Study material:
# # # # # # #

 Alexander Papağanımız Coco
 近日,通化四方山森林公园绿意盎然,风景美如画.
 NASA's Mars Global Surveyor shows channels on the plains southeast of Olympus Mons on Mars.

# # # # # # #

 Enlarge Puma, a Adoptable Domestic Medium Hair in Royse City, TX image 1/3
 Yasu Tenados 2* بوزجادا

# # # # # # #

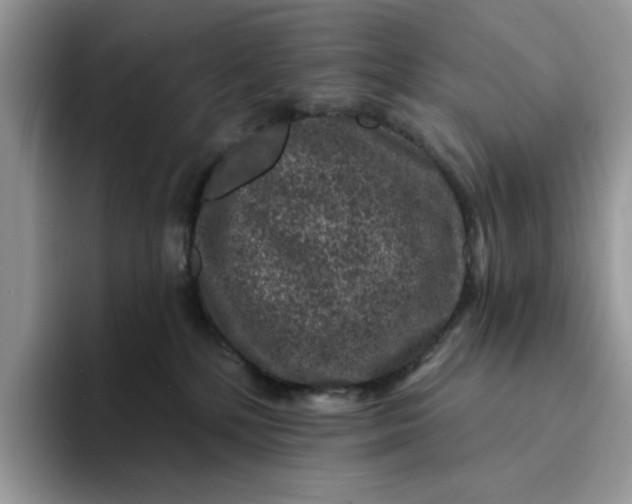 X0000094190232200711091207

# # # # # # #

Aim of the exercise: Will you return exactly the lines above from the one with "Enlarge Puma, a" down to the one with "Yasu Tenados 2* بوزجادا", counting both as part of the range?

Written answer:
 Enlarge Puma, a Adoptable Domestic Medium Hair in Royse City, TX image 1/3
 Yasu Tenados 2* بوزجادا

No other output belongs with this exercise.